» Action item
If pictures appear, leave them out, and return exactly the lines from the one holding "Image of RIDEX" through the last line of the listing below.

» Supplied data
··········

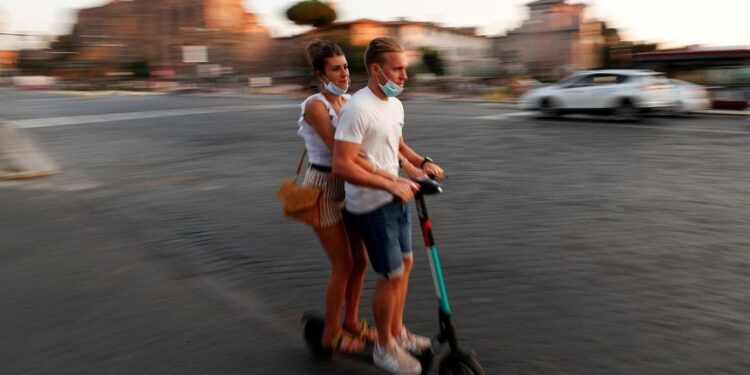 Italy acts against ‘wild’ e-scooters after rise in accidents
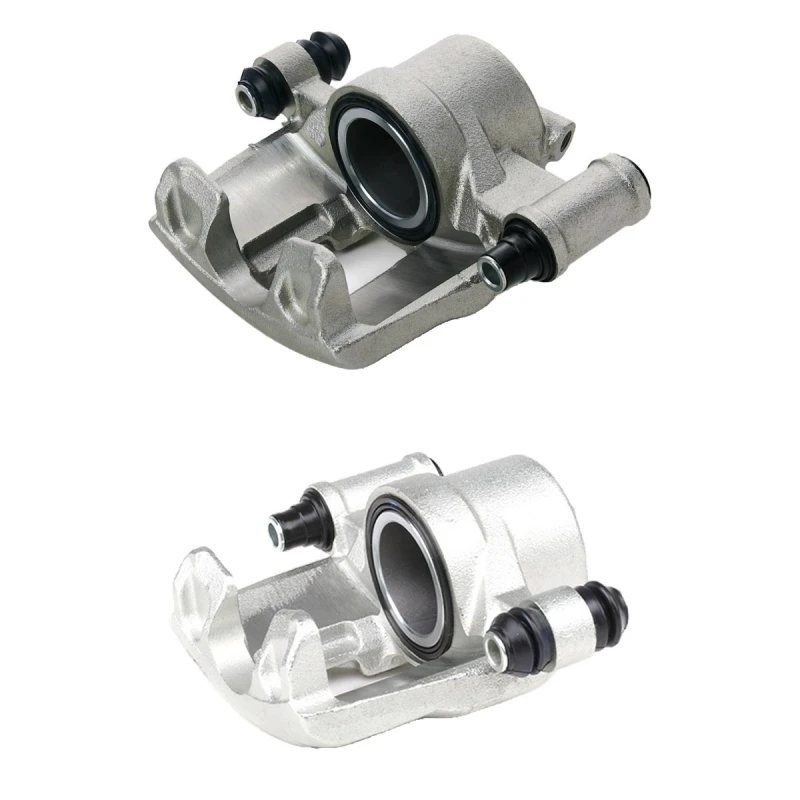 Image of RIDEX 78B1865 Brake caliper Front Axle, without holder Cast Iron Brake Caliper (78)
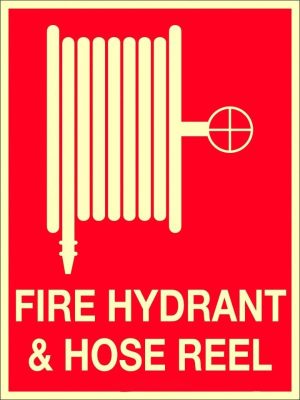 Fire Hydrant & Hose Reel (With Picto)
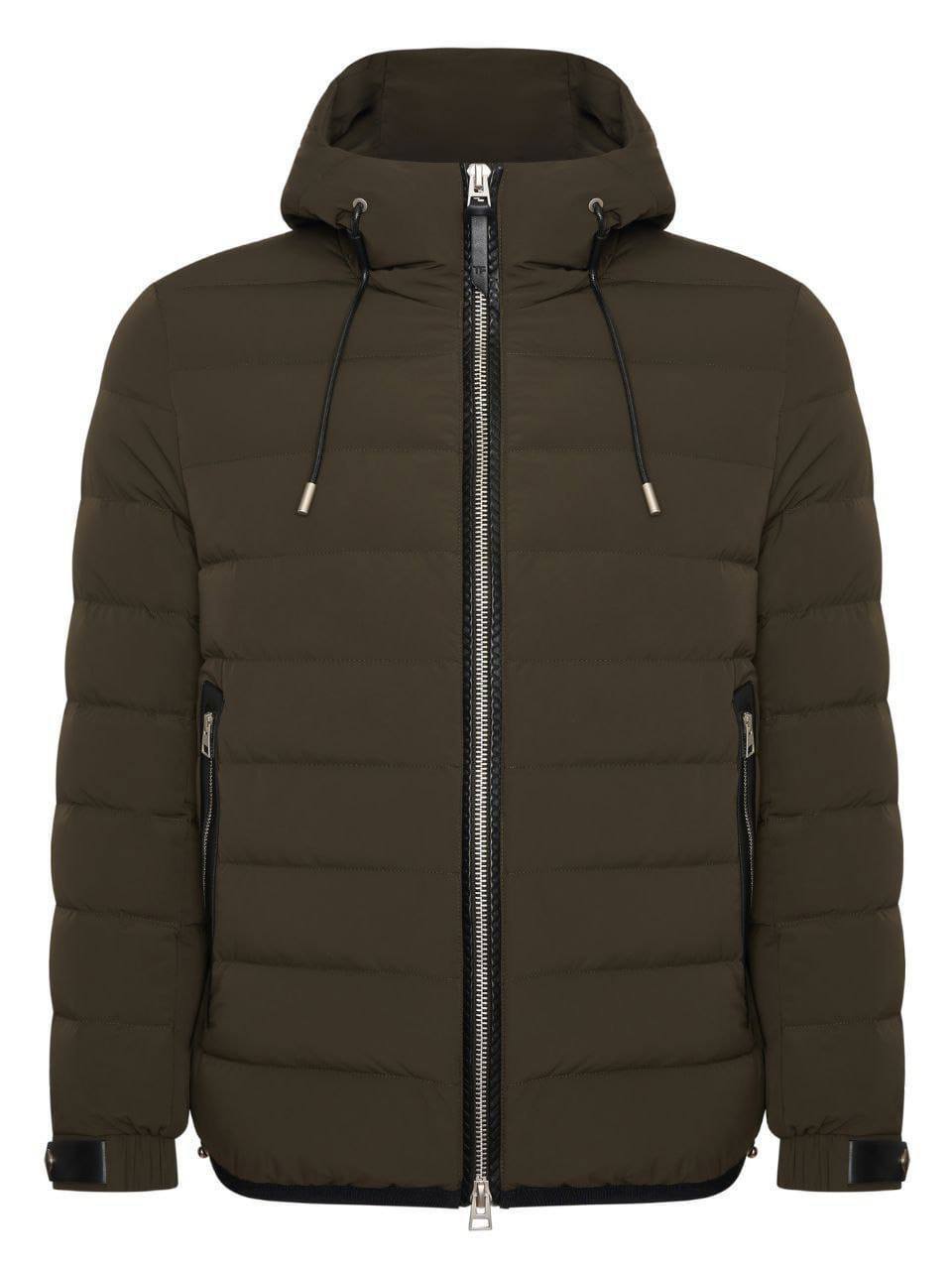 Стильный пуховик Tom Ford BP-43524 Стильный пуховик Tom Ford BP-43524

··········

» Solution for this exercise
 Image of RIDEX 78B1865 Brake caliper Front Axle, without holder Cast Iron Brake Caliper (78)
 Fire Hydrant & Hose Reel (With Picto)
 Стильный пуховик Tom Ford BP-43524 Стильный пуховик Tom Ford BP-43524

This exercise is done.